I am building a Flink pipeline and based on live input data need to read records from archive files in a RichFlatMapFunction (e.g. each day I want to read files from the previous day and week). I'm wondering what is the best way to do that?
I could use the Hadoop APIs directly, so that is what I'm trying next.
That would be something like this:
import org.apache.hadoop.fs.FileSystem;
import org.apache.hadoop.fs.Path;
import org.apache.hadoop.fs.FSDataInputStream;
class LoadHistory(
var basePath: String,
var pathTemplate: String,
) extends RichFlatMapFunction[(TypeAlias.GridId, TypeAlias.Timestamp), ArchiveRecord] {
// see
// https://programmerall.com/article/34422316834/
// https://stackoverflow.com/questions/37085528/hadoop-with-binary-files
// https://data-flair.training/blogs/hdfs-data-read-operation
val fileSystem = FileSystem.get(new conf.Configuration())
def formatPath(pathTemplate: String, gridId: TypeAlias.GridId, archiveDate: TypeAlias.Timestamp): String = ???
override def flatMap(value: (TypeAlias.GridId, TypeAlias.Timestamp), out: Collector[ArchiveRecord]): Unit = {
val pathStr = formatPath(pathTemplate, value._1, value._2)
val path = new Path(pathStr)
if (!fileSystem.exists(path)) {
return
}
val in: FSDataInputStream = fileSystem.open(path)
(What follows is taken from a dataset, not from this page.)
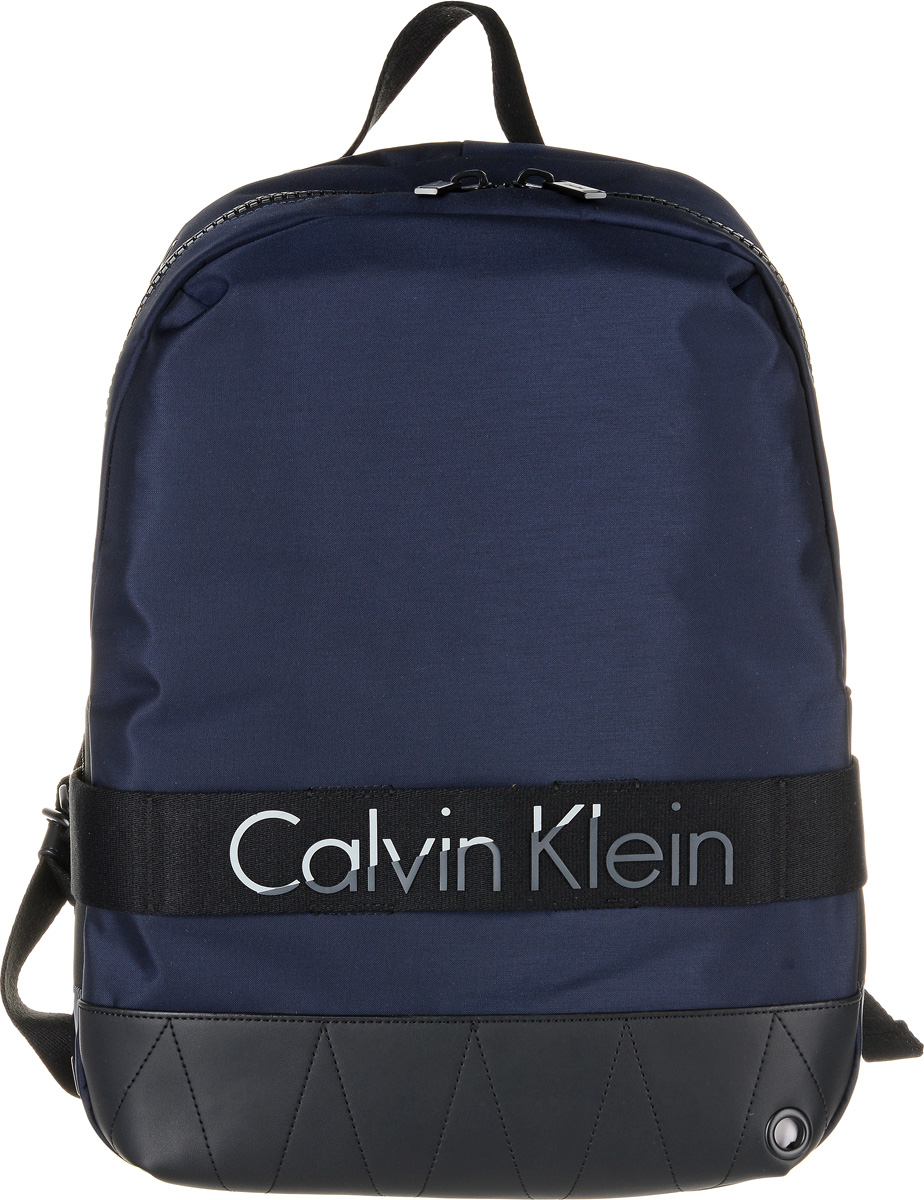 Рюкзак мужской Calvin Klein Jeans, цвет: темно-синий. K50K502293_4380K50K502293_4380 Рюкзак мужской Calvin Klein Jeans, цвет: темно-синий. K50K502293_4380K50K502293_4380Практичный рюкзак Calvin Klein Jeans выполнен из нейлона с добавлением полиуретана и полиэстера. Изделие содержит одно вместительное отделение. Внутри отделения размещены один мягкий карман для планшета, который застегивается хлястиком на липучку, четыре меленьких накладных кармана и один прорезной карман на застежке-молнии. Рюкзак оснащен широкими лямками регулируемой длины и петлей для подвешивания. Дополнена модель надписью с названием бренда.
if (pathStr.endsWith(".protobuf")) {
// TODO read file
} else {
assert(pathStr.endsWith(".lz4"))
// TODO read file
}
}
}
I'm new with Hadoop, so I figure I'll need to configure it before reading data from cloud storage (e.g. replace new Configuration()
with something meaningful). I know Flink uses Hadoop to read files internally, so I am wondering if I can access the configuration or configured HadoopFileSystem object being used by Flink at runtime.
Previously I tried starting a Flink batch job inside the FlatMapFunction (ending with env.collect), but it seems to have resulted in thread-locking (job 2 won't start until job 1 is done).